In total, these two supercomputers will archive 600 Petabytes of data per year. To store this data on an average 500 GB laptop, you would need more than a million of them every year.
But why does the SKA need such immense computing power?
Scientific image and signal processing for radio astronomy imaging consists of several fundamental steps, all of which must be completed as quickly as possible across thousands of telescopes connected by thousands of miles of fibre optic cable.The computers must be able to make decisions on objects of interest, and remove data which is of no scientific benefit, such as radio interference from things like mobile phones or similar devices, even with the remote locations which will host the SKA.
The key steps include:
- Removing data that has been corrupted by interference or faults in the system. This can include interference from mobile phones, or any other Earth-based radio signal, by errors in the signal transport, or problems with the hardware.
- Calibrating each antenna’s signal to remove the effects of instrumental variation and variations in the line-of-sight propagation of the radio signal. With so many radio telescopes, this requires huge amounts of processing power to manage.
- Transforming the data onto a rectangular grid in what radio astronomers call the “u-v plane” – this is akin to interpolating a few randomly scattered altitude measurements onto a regular map grid to estimate the altitudes at all grid intersections.
- A mathematical calculation called a Fourier transformation to convert the data into a representation of the object’s image in the sky.
- A further calculation called “deconvolution of the point-response function of the array” to remove the radio equivalent of the spikes around bright stars in an optical image.
These steps must be done for thousands of separated frequencies, as whilst the SKA radio telescopes work over a low, mid and high-frequency ranges, they are indeed that – ranges, and thousands of individual frequencies must be analysed within each range. The SKA’s computers are required to do all of this in real time.
A complex task
The steps are combined in iterative loops that typically involve refining estimates of array parameters – such as complex gains – while concurrently creating images that converge towards the transformed observed data. Buffer memory is required to store interim processing results while the processing loops are being executed. The science processing facility will also have large data storage sub-systems. The end results of the converged image processing form the basis of the final astronomical images that are distributed to astronomers and physicists around the world.
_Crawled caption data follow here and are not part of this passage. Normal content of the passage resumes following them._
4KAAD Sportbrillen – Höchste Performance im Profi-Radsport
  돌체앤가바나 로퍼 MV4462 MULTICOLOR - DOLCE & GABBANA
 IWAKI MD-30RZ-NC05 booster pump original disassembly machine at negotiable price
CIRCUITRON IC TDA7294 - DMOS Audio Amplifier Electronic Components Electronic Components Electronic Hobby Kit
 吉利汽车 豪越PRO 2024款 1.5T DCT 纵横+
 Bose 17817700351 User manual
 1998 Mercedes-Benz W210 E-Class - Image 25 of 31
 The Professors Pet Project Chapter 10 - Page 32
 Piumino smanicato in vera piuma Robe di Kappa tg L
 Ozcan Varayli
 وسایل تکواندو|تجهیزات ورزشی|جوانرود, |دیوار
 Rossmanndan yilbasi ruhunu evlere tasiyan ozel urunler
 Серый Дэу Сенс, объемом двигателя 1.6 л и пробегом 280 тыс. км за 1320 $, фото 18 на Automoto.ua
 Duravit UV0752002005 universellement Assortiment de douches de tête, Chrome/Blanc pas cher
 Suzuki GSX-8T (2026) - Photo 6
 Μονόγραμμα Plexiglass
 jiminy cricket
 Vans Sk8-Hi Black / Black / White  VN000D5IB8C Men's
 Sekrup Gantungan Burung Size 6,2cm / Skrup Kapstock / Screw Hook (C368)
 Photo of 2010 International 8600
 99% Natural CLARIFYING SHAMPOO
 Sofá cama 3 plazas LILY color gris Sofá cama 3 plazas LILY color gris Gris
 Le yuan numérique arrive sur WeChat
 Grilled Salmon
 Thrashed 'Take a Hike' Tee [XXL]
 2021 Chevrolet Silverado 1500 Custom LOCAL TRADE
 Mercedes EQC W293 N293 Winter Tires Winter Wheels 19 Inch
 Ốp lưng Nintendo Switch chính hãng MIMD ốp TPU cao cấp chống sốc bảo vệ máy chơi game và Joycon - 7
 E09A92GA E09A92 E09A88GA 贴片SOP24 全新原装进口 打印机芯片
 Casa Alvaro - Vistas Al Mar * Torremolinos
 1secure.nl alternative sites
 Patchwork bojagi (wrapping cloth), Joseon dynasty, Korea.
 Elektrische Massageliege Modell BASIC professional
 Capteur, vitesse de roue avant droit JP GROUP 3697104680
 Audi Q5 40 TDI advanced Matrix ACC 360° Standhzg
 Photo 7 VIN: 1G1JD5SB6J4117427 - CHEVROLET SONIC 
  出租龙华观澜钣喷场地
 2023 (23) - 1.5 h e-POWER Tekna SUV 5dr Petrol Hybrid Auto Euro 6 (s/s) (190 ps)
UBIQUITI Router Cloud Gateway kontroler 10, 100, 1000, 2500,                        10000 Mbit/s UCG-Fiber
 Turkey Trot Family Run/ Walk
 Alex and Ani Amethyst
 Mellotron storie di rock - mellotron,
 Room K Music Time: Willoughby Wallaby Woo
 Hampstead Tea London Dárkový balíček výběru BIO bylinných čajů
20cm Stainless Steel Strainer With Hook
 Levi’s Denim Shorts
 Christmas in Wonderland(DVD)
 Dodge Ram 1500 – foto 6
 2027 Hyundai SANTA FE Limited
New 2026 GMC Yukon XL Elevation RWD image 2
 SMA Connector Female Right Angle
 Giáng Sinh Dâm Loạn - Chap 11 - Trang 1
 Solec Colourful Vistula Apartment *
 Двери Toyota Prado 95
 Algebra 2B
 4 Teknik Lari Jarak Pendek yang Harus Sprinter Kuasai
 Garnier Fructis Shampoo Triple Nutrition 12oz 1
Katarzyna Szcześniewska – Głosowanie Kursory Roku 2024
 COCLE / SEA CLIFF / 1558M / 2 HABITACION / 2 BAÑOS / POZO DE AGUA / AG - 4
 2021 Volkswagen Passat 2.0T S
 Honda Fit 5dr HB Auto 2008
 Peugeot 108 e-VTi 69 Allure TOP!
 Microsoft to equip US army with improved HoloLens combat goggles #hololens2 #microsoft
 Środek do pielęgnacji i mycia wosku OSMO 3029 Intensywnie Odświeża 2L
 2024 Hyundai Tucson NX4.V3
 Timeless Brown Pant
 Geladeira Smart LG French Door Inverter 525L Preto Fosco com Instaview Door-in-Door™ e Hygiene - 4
Multiple telescopes require multiple computers
The supercomputers that will be using the SKA will use millions of computer CPU processors operating in parallel. To speed up some types of processing, the processors are likely to be assisted by specialised hardware. One of the software challenges for the SKA will be to adapt algorithms to operate on these new types of computing architectures.
Several other types of software developments will be required. These include:
- Observing preparation and scheduling which are independent of data pipeline and data reduction (the conversion of the raw data into useful scientific data) processing. This is how the SKA telescopes will convert the vast amounts of raw data into useful science for the astronomers.
- Real time – albeit relatively long time constant – monitor and control.
- Other time critical online data reduction and archiving in addition to that described above.
The project will also require middleware software and tools for ongoing software development from now until the telescopes are operational, and will continue to be refined even thereafter.